RPC-level clustering is a silent leak: N sequential queries for N proxies from one IP via one provider let the RPC cluster those proxies together. The SDK must default to split queries across multiple unrelated providers, with optional Tor / mixnet / VPN / local-node transport.

Privacy properties

  • Hidden: user identity, the link between an EOA and their proxies, the link between multiple proxies owned by the same user.
  • Visible: each proxy’s Aave state (the Railgun Access Card model — private owner, public position), total proxy count, action timing.
  • Anonymity set: grows with adoption. Seed with protocol-owned proxies at launch.

Opt-in compliance via voluntary viewing key export. The SDK ships with a “Generate Disclosure” feature using the user’s own viewing key to produce a signed JSON history for tax/audit use. The protocol never holds viewing keys. This frames the product as a privacy layer, not a mixer, and defuses the most common regulatory objection.

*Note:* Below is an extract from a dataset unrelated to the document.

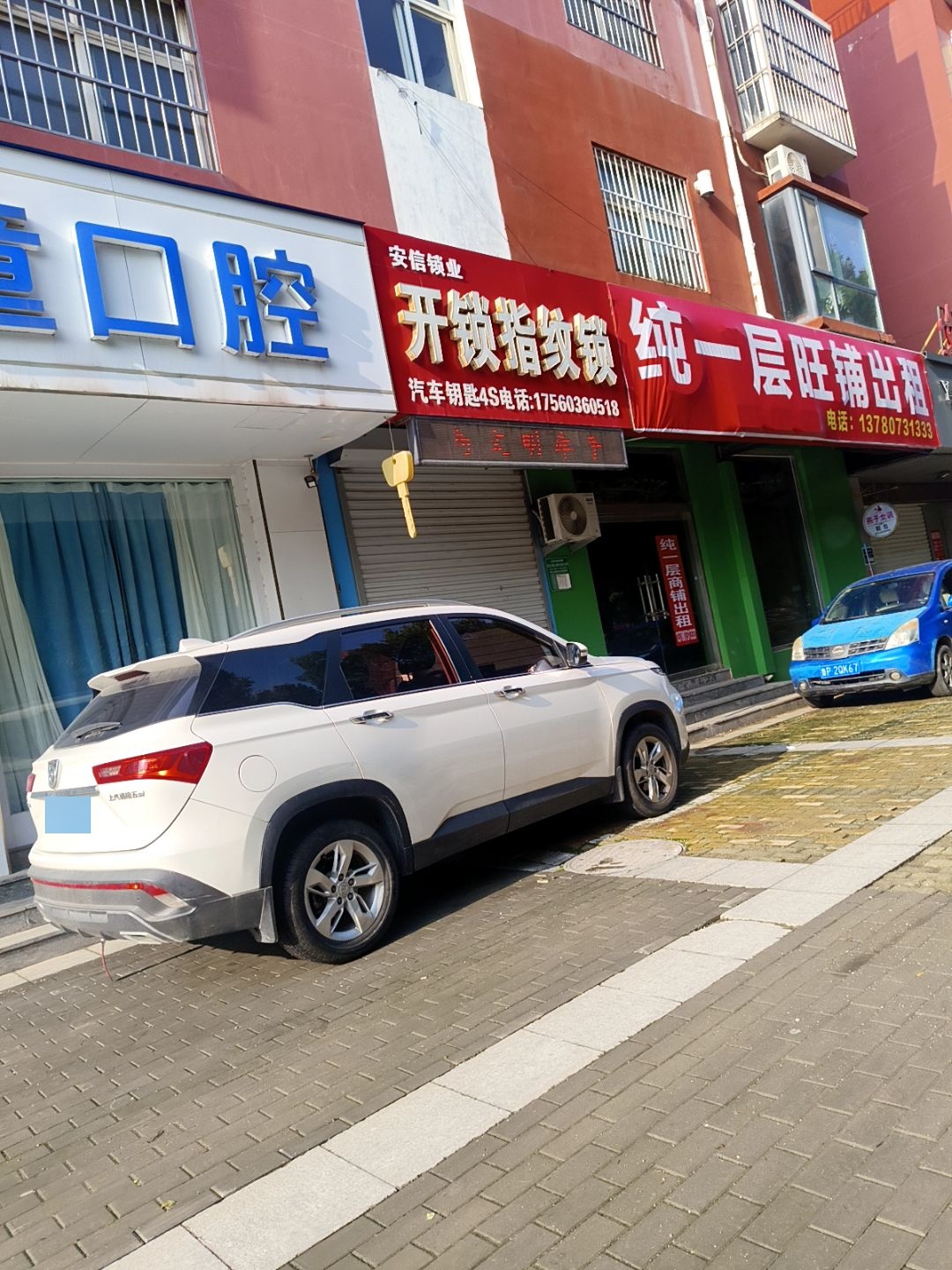 安信锁业开锁指纹锁(星光水晶城1期店)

Key leaks to mitigate: small launch anonymity set, sweep-after-liquidation timing, salt active probing, RPC clustering, gas payer linkage, withdrawal destination correlation.

Prototype plan

Locked-in decisions: Base first · USDC supply + WETH collateral → USDC borrow · Aave v3 only · keep $500 Adapter beta cap (market as “Safety-First Beta”) · opt-in compliance via viewing key.

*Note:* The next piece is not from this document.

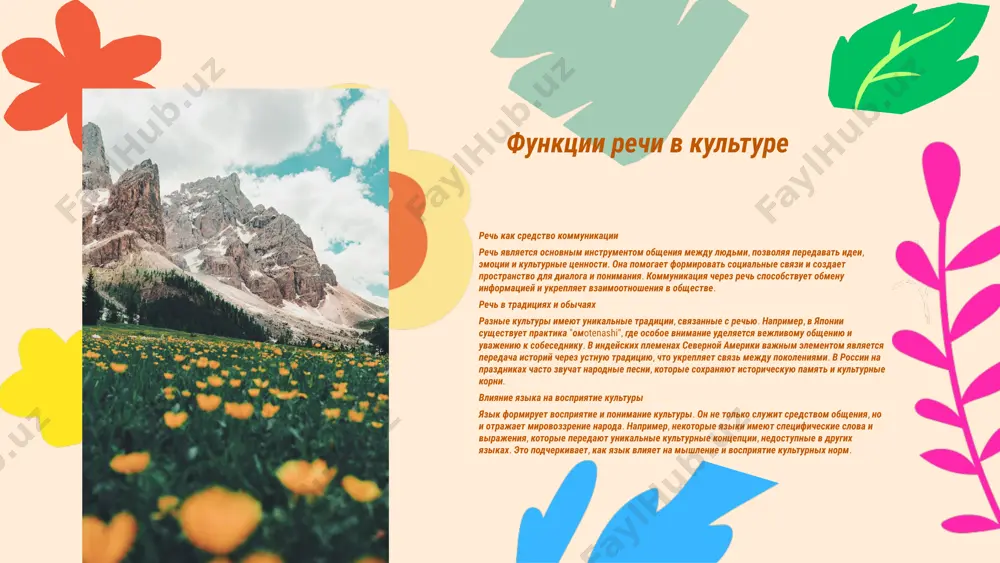 туры общества. язык не только служит средством общения, но и формирует мышление и восприятие мира, подчеркивая разнообразие культурных традиций и норм. связь языка и культуры отражение культурных ценностей язык служит зеркалом, отражающим культурные ценности общества. например, слова, такие как "душа" и "традиция", несут глубокий культурный смысл, который формирует идентичность народа. язык помогает передавать особенности мышления и восприятия мира. примеры культурно значимых слов среди слов, обладающих культурным значением, можно выделить "родина" — символ привязанности и принадлежности, и "свобода" — отражение ценностей, стремлений и надежд народа. эти слова не только обозначают предметы, но и выражают чувства и традиции. роль языка в сохранении наследия язык является важным инструментом для сохранения культурного наследия. он передает истории, обычаи и знания от поколения к поколению, что позволяет сохранить уникальность культуры и ее особенности. влияние языка на культуру изменения в языке могут свидетельствовать о культурных трансформациях. например, заимствование иностранных слов может отражать влияние глобализации и изменение общественных …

  • M0 — Spec lock with Anoma team; confirm Adapter constraints; sign off on proxy upgradability (recommendation: beacon proxy for bug-patchability at ~+3k gas/call vs immutable EIP-1167).
  • M1 — Solidity contracts (Forwarder + SubAccount + Implementation). Foundry fork-test against live Aave on Base including real liquidation. Solidity audit.
  • M2PositionNote resource logic circuit (Cairo/Noir). ZK-specialist audit.
  • M3 — Integration on Base Sepolia against the live Protocol Adapter. End-to-end CLI.
  • M4 — TypeScript portfolio client with all privacy hygiene features mandatory: CSPRNG nonce generation, split-RPC router, Sweep Delay + Threshold Batcher, Generate Disclosure.
  • M5 — Closed beta on Base mainnet. Seed anonymity set with protocol-owned sub-accounts and decoy proxies. Target: 50+ positions, 30+ days, no incidents.
  • M6 — Arbitrum + Aave v4 support when v4 lands on L2s.
  • M7 — Compound III as a second underlying.

Out of scope: cross-chain atomic borrowing (wait for Anoma cross-controller atomicity), native rate curves, shielded position shape (Ferveo V2), own liquidator network.

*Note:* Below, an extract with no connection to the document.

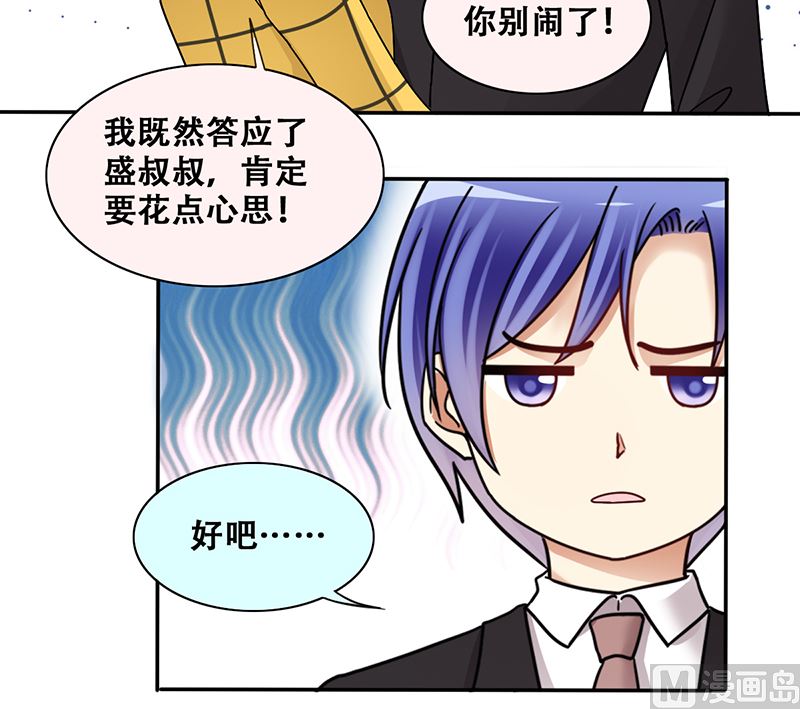 我的影帝大人韩漫全集-第308话 神秘财团2无删减无遮挡章节图片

Open before M1: proxy upgradability sign-off, Solidity + ZK audit firm selection, formal Anoma team sync, beta whitelist sourcing.

Sources

Aave v3/v4 docs, Compound III docs, EIP-1167, OpenZeppelin Clones, Instadapp DSA, Anoma Resource Machine spec (specs.anoma.net), EVM Protocol Adapter, AnomaPay, Penumbra shielded staking (the exchange-rate-via-public-index pattern, now delegated to Aave), Aztec Connect sunset post-mortem, Railgun Access Cards.